Jeremy, April, and two of their amazing daughters spent all day yesterday with us here in Houston at my church, The Story Church, leading an incredible workshop for the families of our church. And I can't wait to tell you all about that. Jeremy was also featured on a 2022 episode of Maybe God. So welcome back to the Maybe God podcast, Jeremy Pryor.

Jeremy Pryor: Awesome. Thanks for having me, Eric.

Eric Huffman: Yeah, man. Glad you're here. Thanks for making the time.

Jeremy Pryor: Love being here. Love Houston. This is a new city for us. So yeah. Got to see some of the sites. It's awesome.

Eric Huffman: Houston's a hidden gem, I think.

Jeremy Pryor: Yeah, it's beautiful.

Eric Huffman: So you came to do this workshop with our families, and I had never seen anything like it before.
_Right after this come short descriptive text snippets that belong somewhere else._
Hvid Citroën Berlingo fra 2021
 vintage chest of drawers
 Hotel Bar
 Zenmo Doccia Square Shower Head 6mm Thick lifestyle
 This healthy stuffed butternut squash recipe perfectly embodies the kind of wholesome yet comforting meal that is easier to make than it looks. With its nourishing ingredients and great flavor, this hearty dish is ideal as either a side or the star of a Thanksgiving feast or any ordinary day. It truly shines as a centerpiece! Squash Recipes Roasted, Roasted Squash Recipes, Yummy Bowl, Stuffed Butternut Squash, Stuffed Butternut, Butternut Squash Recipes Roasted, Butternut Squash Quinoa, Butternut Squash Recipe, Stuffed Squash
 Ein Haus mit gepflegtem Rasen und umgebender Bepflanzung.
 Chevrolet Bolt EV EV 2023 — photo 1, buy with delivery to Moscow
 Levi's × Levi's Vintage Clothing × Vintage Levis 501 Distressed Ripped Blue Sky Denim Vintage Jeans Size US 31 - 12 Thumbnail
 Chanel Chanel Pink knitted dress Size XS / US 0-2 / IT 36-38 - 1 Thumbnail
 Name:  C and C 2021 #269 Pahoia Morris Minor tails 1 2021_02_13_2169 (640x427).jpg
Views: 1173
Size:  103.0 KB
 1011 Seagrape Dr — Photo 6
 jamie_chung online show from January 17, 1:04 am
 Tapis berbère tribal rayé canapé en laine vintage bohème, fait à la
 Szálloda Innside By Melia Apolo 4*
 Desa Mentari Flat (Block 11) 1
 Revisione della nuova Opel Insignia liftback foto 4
Honestly, didn't even know what it would be like and what a blessing it would be to so many families of our church. We had a good turnout for it. Just tell me your sort of takeaways from that experience and what you set out to do and how it went.

Jeremy Pryor: Well, we first just tried to introduce people to the fact that there's a question that they probably never have asked in their lives, which is what kind of family do we want to build? So we always start there and talk about that we, in the West at least, pretty much have only been introduced to one kind of family.

So then we talk about there's another one. So the kind that we're used to is the nest, the springboard for individual success. We introduced them to the idea that the scriptures talk about the family as a multi-generational team on a mission. But the problem is that if you change the philosophy of family, the theology of family that you're trying to build, you're going to open your toolbox and it's going to be empty.

And every tool we have in our culture really assumes that families are building these springboards for individual success that we're hitting the reset button every generation. So building a multi-generational family requires new tools. And so we want to make sure that if somebody makes that decision, here are some tools that will really help transform your family into a multi-generational team. So we introduced some of those tools and yeah, that's our workshop.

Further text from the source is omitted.